Ripieno

Terme signifiant littéralement plein.

Synonyme de plein-jeu en français ou de lleno en espagnol, il exprime l'essence même de l'orgue à tuyaux : l'ajout de rangs successifs à la fondamentale reconstituant et remplissant la totalité du spectre sonore d'un son.

C'est en ce sens que l'on peut parler de l'orgue comme d'un synthétiseur.

En effet, le tuyau d'orgue est, de tous les instruments de musique, celui qui émet un son le plus pauvre en harmoniques (on se souvient qu'un son est formé d'une fondamentale et d'harmoniques, voir à ce sujet le terme dans la rubrique tuyaux du lexique).

Le facteur d'orgues pallie à cette carence en construisant lui-même les rangs d'harmoniques.

En les mélangeant ensuite à la fondamentale, il recrée cette plénitude inégalable qu'est le plein-jeu ou ripieno ou lleno.

Le Ripieno n'est donc pas un jeu, mais un mélange de plusieurs autres jeux.

La composition en est immuable :

  • le Principale, fondamentale, 8 pieds

  • l'Ottava, octave, 4 pieds

  • la Decima quinta, 15ème, 2 pieds

  • la Decima nona, 19ème, 1 pied 1/3

  • la Vigesima seconda, 22ème, 1 pied

  • la Vigesima sesta, 26ème, 2/3 pied

  • la Vigesima nona, 29ème, 1/2 pied

La 29ème est le rang le plus aigu rencontré dans tous les orgues corses. Seul le grand Serassi de Santa Maria di Bastia y ajoute :

  • la Trigesima terza, 33ème, 1/3 pied

  • la Trigesima sesta, 36ème, 1/4 pied

  • la Quadragesima, 40ème, 1/6 pied

  • la Quadragesima terza, 43ème, 1/8 pied

A partir de la 19ème, ces rangs peuvent se rencontrer soit en jeux seuls, soit assemblés entre eux avec plusieurs variantes possibles. L'étiquette du jeu porte alors les noms des rangs assemblés ou celui de Ripieno ou Ripieno 1 ou Ripieno 2.

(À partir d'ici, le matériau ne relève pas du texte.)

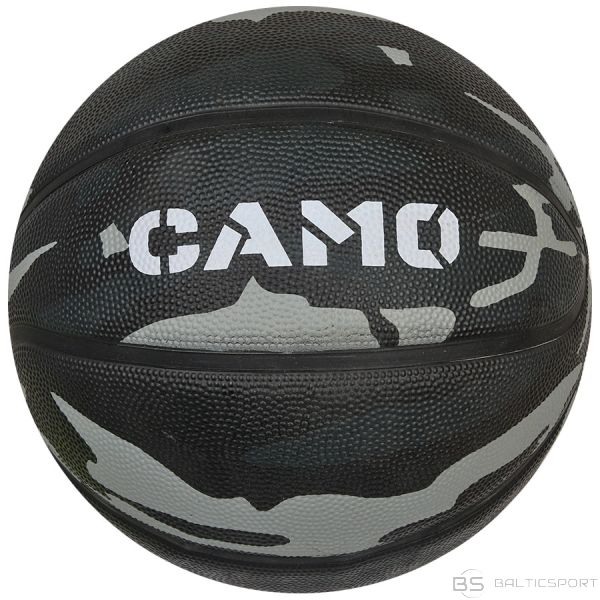 Sportech Camo / 7 / daudzkrāsains basketbols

A ce propos il est interessant de constater l'évolution de ces regroupements tout au long de l'histoire de l'orgue européen.

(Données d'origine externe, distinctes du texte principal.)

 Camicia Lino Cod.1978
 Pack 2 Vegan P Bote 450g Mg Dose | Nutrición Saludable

Aux temps médiévaux, le plenum n'avait aucun registre, passé le rang de Principal qui était le seul à pouvoir être joué seul.

On a gardé le nom germanique de Blockwerk pour désigner cette disposition. L'oeuvre en bloc. Les grands instruments partaient de 20 rangs environ dans la basse pour arriver à 60 rangs environ dans le dessus, de nouveaux rangs entrant en jeu au fur et à mesure.

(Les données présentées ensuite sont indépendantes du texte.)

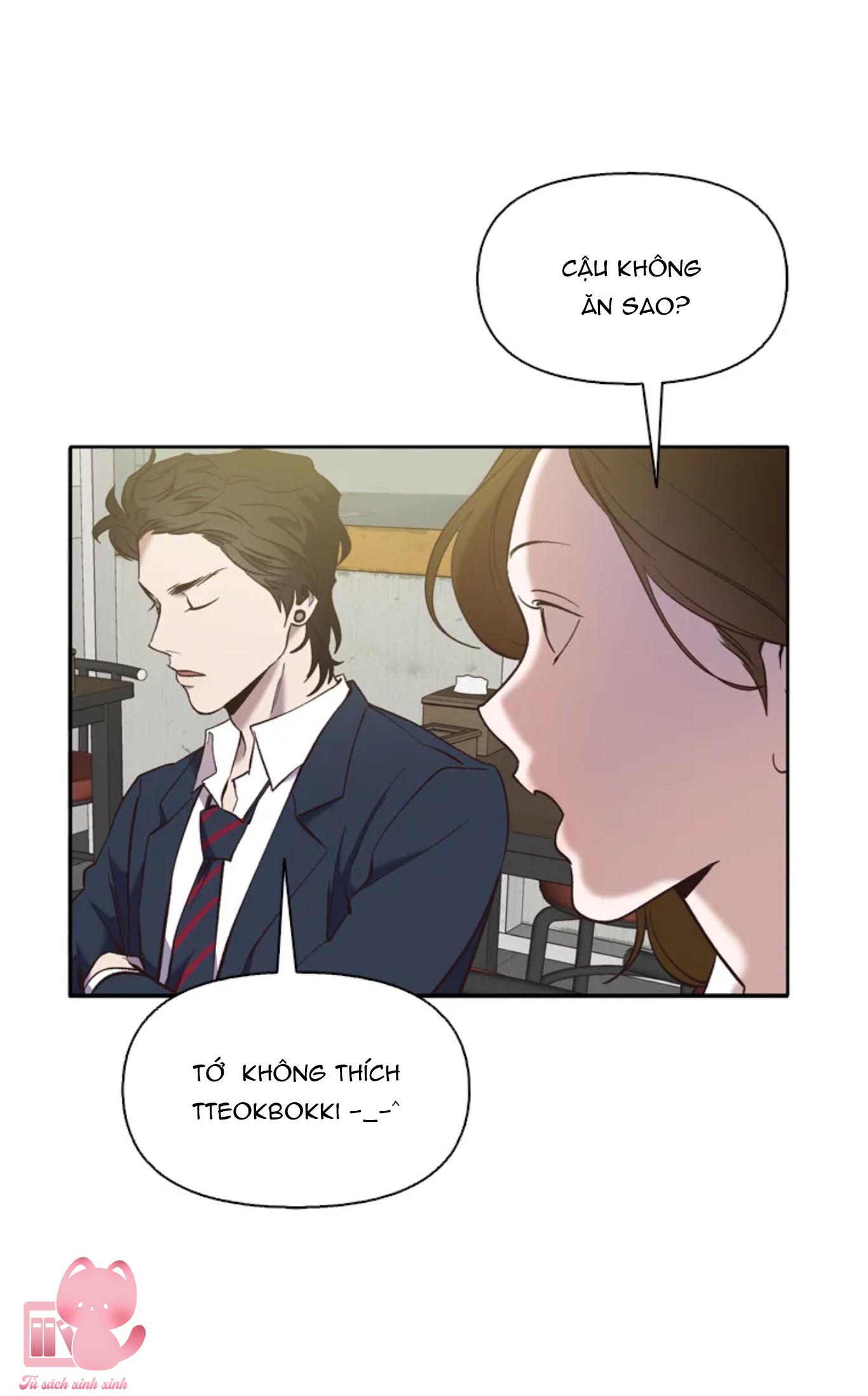 Thanh Xuân Của Chúng Ta Chap 52 - Trang 4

Le toucher du clavier était en conséquence très dur à jouer (résistance démesurée de la soupape à son ouverture). Les textes de l'époque disaient battre de l'orgue.

L'accord d'un tel univers devait être également étrange à pratiquer.

L'orgue était une grande clameur liturgique.

La Renaissance apportera la division en registres séparés. Alors que le reste de l'Europe gardera des bouquets de ces rangs (Fourniture, Cymbale), seule l'Italie les séparera jusqu'au rang unique.

Jusqu'au 19 ième siècle où elle retrouvera des assemblages (cf supra).